Inside the Cover

When dealing with big challenges, success is elusive only until you bring the appropriate skills and personalities together.

J. Luisi

A lot of ideas expressed in this book, while not odd, are certainly new. As such, it may be appropriate to shift the conventional wisdom of what Enterprise Architecture means and what it should do to give us a better way to get where large organizations need to go.

As we shall see, the value of an idea can only be realized after it has been executed, and prior to that it is only an idea, whether or not a plan exists to achieve it. This book, therefore, explains this latest philosophy of what Enterprise Architecture is from a successful experiment in a large financial services company, one of the top 10 in size in the United States. The philosophy employed was evaluated by a reputable research company to be radically different than what has been seen previously, but most importantly, its success at meeting its business objectives was irrefutable.

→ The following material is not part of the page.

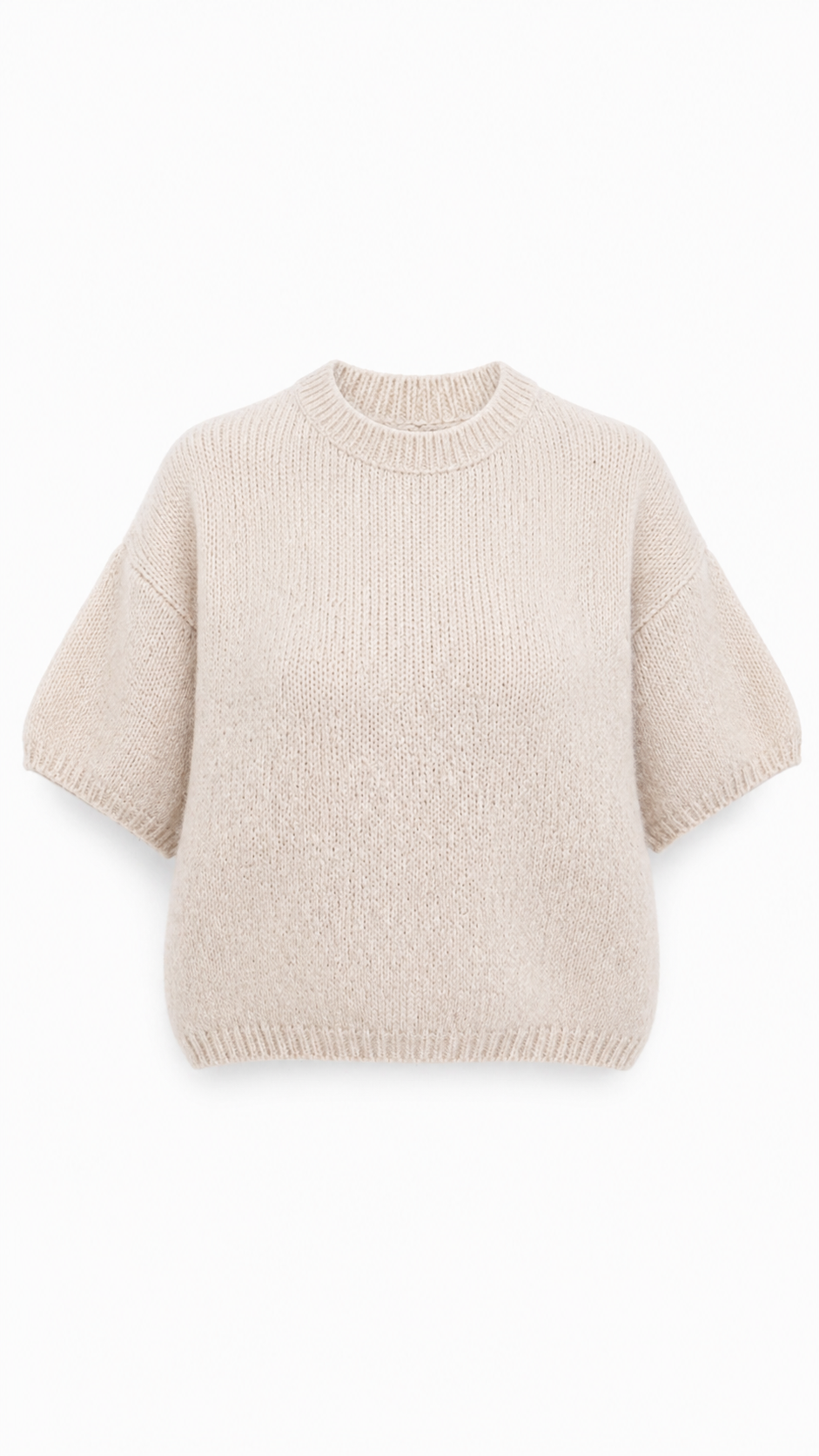 Agnea boxy s/s knit Beige-1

While this book deals with most every important architecture concept, there is one nonarchitectural aspect that is best mentioned here that is also found in the book, Good to Great: Why Some Companies Make the Leap, by Jim Collins, which is the need for the right kind of like-minded individuals that can enable the successful implementation of any new strategy. The author, in his professional life, has spent endless hours identifying and recruiting personnel with the right attitude and skill set necessary to participate in the journey.

To borrow the analogy of the bus from Jim Collins, you need to get the right people on the bus and the wrong people off the bus before you decide where to take the bus. Specifically, the right people on the bus must have a sense of adventure, a good sense of humor, and more importantly, the people on the bus should want to be on the bus not because of where the bus is going as that can change, but instead each individual should want to be on the bus because of who else is on the bus.

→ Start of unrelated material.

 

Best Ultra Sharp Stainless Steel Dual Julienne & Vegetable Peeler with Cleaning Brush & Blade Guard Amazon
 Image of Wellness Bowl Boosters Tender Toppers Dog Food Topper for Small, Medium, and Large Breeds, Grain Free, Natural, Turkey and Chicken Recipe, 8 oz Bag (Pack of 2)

Along this journey, the team had to overcome significant challenges from both business and IT, including radical budgetary swings and pressures, violent rip tides of internal politics, external interference from large vendors, and adversities from within. But once the right collection of individuals are assembled on the team, they automatically go out to accomplish what is best for their company, and the internal and external challenges become more like the weather for the bus to travel through.

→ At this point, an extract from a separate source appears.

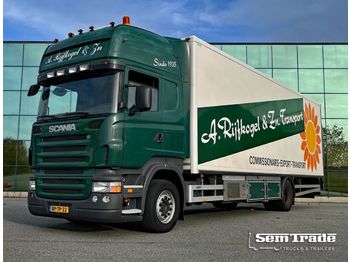 Camión caja cerrada Scania R380 BLOEMEN RETARDER EURO 3 ANALOGE TACHO 909k KM ORIGINEEL KOELING KACH: foto 1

Additional features of this journey included a sense of discovery as we learned new synergies among various architectural disciplines, as well as having attained a sense of accomplishment by making new ideas materialize. In the end, however, the journey itself is what everyone remembers most fondly, and the bonds of friendship that persist in its aftermath.

It is therefore no big surprise when Steve Jobs shared insights into his life explaining that his biggest reward was the experience of his personal journey. In kind, hopefully your journey through the pages of this book will be rewarding, as was the journey writing it.